Jérôme Bonnell filme Paris, aujourd’hui, comme personne. Paris pour lui n’est pas la boîte à bonbons de Jean-Pierre Jeunet (Le fabuleux destin d’Amélie Poulain), ni la valise à souvenirs sépia de Woody Allen (Minuit à Paris) ni le terrain de la mixité factice et tremblée de Rachid Djaïdani (Rengaine) et encore moins le clapier éteint d’une bourgeoisie de gauche triomphante – concernant ce dernier cas, la liste d’exemples est si longue qu’elle semble inépuisable. En fait, Jérôme Bonnell filme cette ville comme personne, parce qu’il la filme sans intention sociologique ni posture romantique. Il ne capitalise sur aucun charme, aucune légende ; il a une histoire à filmer, et il la filme là, presque par défaut. Il la situe, pourrait-on dire, à Paris plutôt qu’ailleurs, sans toutefois nous laisser penser qu’elle se déroulerait de la même manière ailleurs.

Le temps de l’aventure de Jérôme BonnellIl s’empare de Paris dans les détails. Notamment dans la façon dont cette ville agit sur le corps de ses personnages, contraint leurs gestes, découpe leur cœur en petits morceaux ou l’ouvre, au contraire, à ce qui survient. Il montre Emmanuelle Devos manger un sandwich sur ces tables un peu hautes, étroites, autour desquelles on ne s’assoit pas, dans les halls de gare ; il la montre prendre des métros, circuler, être en retard, perdre pied au milieu des visages qui ne savent rien, marcher, hagarde, sur un trottoir et heurter un lampadaire ; il la montre glisser vers la chambre d’hôtel d’un inconnu, comme s’il y avait une pente très raide et savonnée à laquelle elle ne pouvait pas résister… alors qu’il n’y a qu’une rue, un escalier et un couloir. Dans Le temps de l’aventure, Paris n’est ni belle, ni laide. Paris ne veut rien dire, simple territoire plein d’embûches ou carte au trésor incertain.

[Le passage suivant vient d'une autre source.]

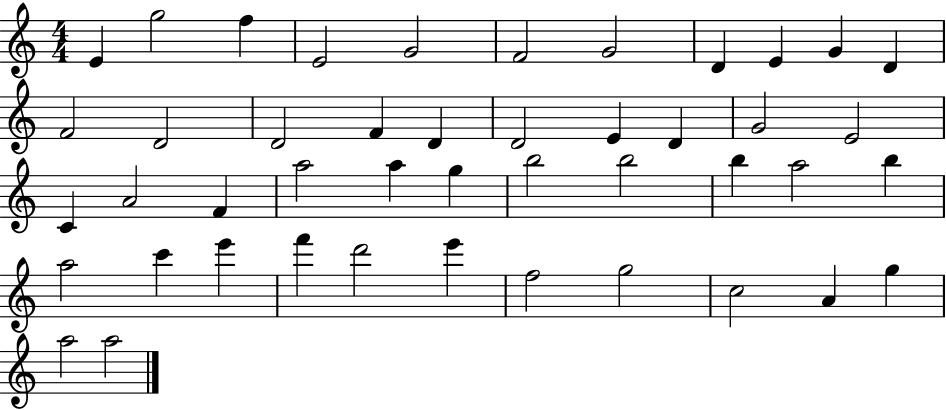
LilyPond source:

{
  \clef treble
  \numericTimeSignature
  \time 4/4
  \key c \major
  e'4 g''2 f''4 | e'2 g'2 | f'2 g'2 | d'4 e'4 g'4 d'4 | \break f'2 d'2 | d'2 f'4 d'4 | d'2 e'4 d'4 | g'2 e'2 | \break c'4 a'2 f'4 | a''2 a''4 g''4 | b''2 b''2 | b''4 a''2 b''4 | \break a''2 c'''4 e'''4 | f'''4 d'''2 e'''4 | f''2 g''2 | c''2 a'4 g''4 | \break a''2 a''2 | \bar "|."
}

A priori, rien de plus banal que l’histoire d’une femme qui rencontre un homme dans un train. Rien de plus triste et petit, si cette femme n’est pas heureuse dans son couple. Mais ça, Bonnell a l’élégance de ne pas nous le suggérer. On ne sait pas si Alix aime son compagnon, ce n’est pas le problème. Le problème, c’est qu’elle n’arrive pas à le joindre, que son téléphone est déchargé, qu’elle n’a plus d’argent et doit être à Calais le soir même. Le problème, c’est qu’elle cherche, entre désir et désœuvrement, l’homme qu’elle a croisé dans le train.

Le cinéaste affronte les clichés et les traverse avec aisance. Le personnage d’Emmanuelle Devos est actrice, celui de Gabriel Byrne professeur de français. Mais ce n’est pas pour autant qu’il lui récitera un poème approprié ou qu’elle se jouera de lui en mentant comme si c’était vrai. Le métier dit quelque chose de l’être, mais pas tout. D’ailleurs, jamais Jérôme Bonnell ne réduit la rencontre de ses deux protagonistes à un adultère. C’en est un, mais c’est aussi beaucoup d’autres choses. Jamais il ne fige son film dans les postures du mélodrame, ou dans celles de la comédie. Il mêle l’un et l’autre, comme dans la vie – l’aventure de la vie. Il laisse le temps varier l’état des sensations, des émotions que les héros éprouvent. Il ne dit jamais : ceci doit être triste, cela joyeux ; il affronte le triste et le joyeux d’une même situation. Et l’émotion vient, non pas de l’expression d’un sentiment, mais au contraire du trouble, du vide que le sentiment laisse, quand il est rejoint par un autre qu’on croyait contraire. Et l’ordinaire, sans jamais refuser sa dénomination la plus triviale, vole en éclats.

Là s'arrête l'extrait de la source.